Have you come across any challenges in writing for vocalists as opposed to instrumentalists?
Although I consider myself an instrumentalist and not a singer, I am probably most at home writing for voices, but I like writing for all disciplines.
Do you have a particular process that you follow in composing? Are you systematic or sporadic?!
A piece begins as a collection of sounds in my head, each with a different sonic signature to it. The job of composition is to decipher those sounds, work out if they’re worth pursuing or not, and somehow transfer them to the page. It can happen from sitting for hours at a desk or a piano, or it can happen driving through town, on a quick lunch break, or in the middle of the night – basically, at any time. I rarely find it easy, and I often re-work pieces for some time after I have ‘finished’ them.
Are there any artists you particularly admire?
The list is a very long one. Here is a selection:
Carlos Kleiber. Genius.
Glenn Gould. Idiosyncratic genius.
And I greatly admire Benjamin Britten’s piano accompaniments (Winterreise or Schubert’s Arpeggione with Rostrapovich). Very special.
Miles Davis. One of the most distinct musical personalities I can think of.
Ella Fitzgerald – inventive, fun, and with an inhuman sense of intonation.
Frank Sinatra – especially the recordings of the 50s. His feel and phrasing are extraordinary: I defy anyone to sing along accurately (and I mean accurately!) with a Sinatra record.
Art Tatum, Oscar Peterson, Nat ‘King’ Cole (as much as a pianist as a singer), Keith Jarrett, Diana Krall.
Pavarotti and Domingo – for different reasons.

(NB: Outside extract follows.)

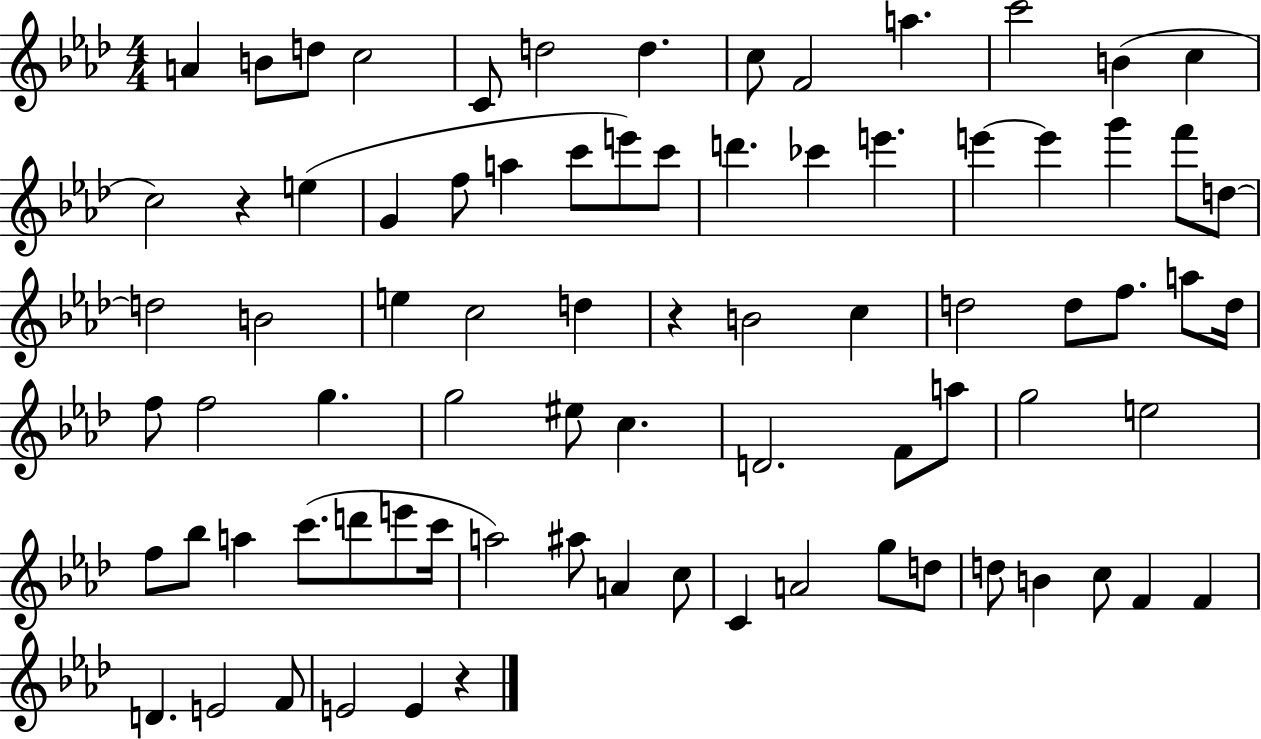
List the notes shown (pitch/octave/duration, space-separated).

A4/q B4/e D5/e C5/h C4/e D5/h D5/q. C5/e F4/h A5/q. C6/h B4/q C5/q C5/h R/q E5/q G4/q F5/e A5/q C6/e E6/e C6/e D6/q. CES6/q E6/q. E6/q E6/q G6/q F6/e D5/e D5/h B4/h E5/q C5/h D5/q R/q B4/h C5/q D5/h D5/e F5/e. A5/e D5/s F5/e F5/h G5/q. G5/h EIS5/e C5/q. D4/h. F4/e A5/e G5/h E5/h F5/e Bb5/e A5/q C6/e. D6/e E6/e C6/s A5/h A#5/e A4/q C5/e C4/q A4/h G5/e D5/e D5/e B4/q C5/e F4/q F4/q D4/q. E4/h F4/e E4/h E4/q R/q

Dave Matthews, Alex Turner, Guy Garvey, Chris Martin – great creative minds.
David Bowie – where do I start?
Which composer, alive or dead, would you most like to talk to, and why?
This is an interesting question, and I have no easy answer. I’d like to have had coffee with Vivaldi, as his music is so open-hearted and often joyous. I prefer Bach’s music, but I wonder if he would have much time for the likes of me. I’d liked to have heard Mozart play the A major piano concerto (23) or been in his apartment when Haydn came around and they played through Mozart’s ‘Haydn’ quartets (or any of Haydn’s own for that matter), or have heard Schumann play Mondnacht. I’d love to have been in the room when Strauss was checking through the piano score of the trio from the last act of Rosenkavalier. I’d like to have sat next to Verdi at a performance of Otello, or Puccini for the second act of Tosca. I’d like to have asked Lutoslawski about Preludes and Fugues for 13 String Instruments. I’d love to have heard John Cage’s laugh, or seen Gershwin’s trousers in real life, or smelt the smokey air of Shostakovich’s study. The list goes on. The reality, however, is that even if I were to meet any of the good and the great, I’d be useless: many years ago, I bumped into Leonard Bernstein, a great musical hero of mine, but nerves took over and I couldn’t speak a word.

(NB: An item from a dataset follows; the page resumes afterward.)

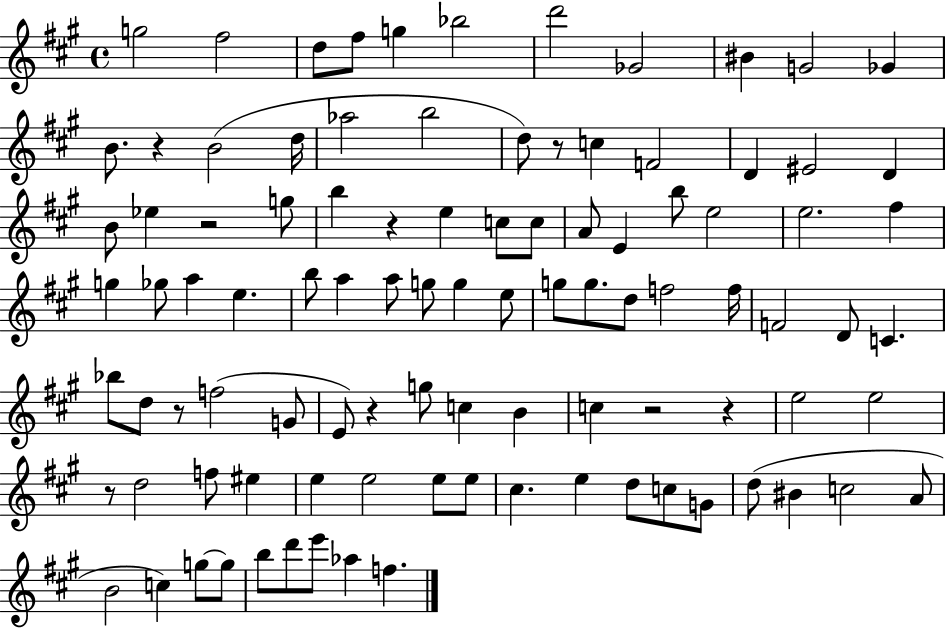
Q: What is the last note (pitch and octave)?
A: F5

What styles/genres of music do you most enjoy composing for?
I enjoy writing all sorts of music. I adore writing pop songs (I’ve written a great many) but I can’t find any mainstream outlet for them. I would love to write a ballet score, something that has been on my to do list for thirty years now….
What do you enjoy doing in your spare time?
I like being around food, and cooking. My (not so) secret passion is making cocktails.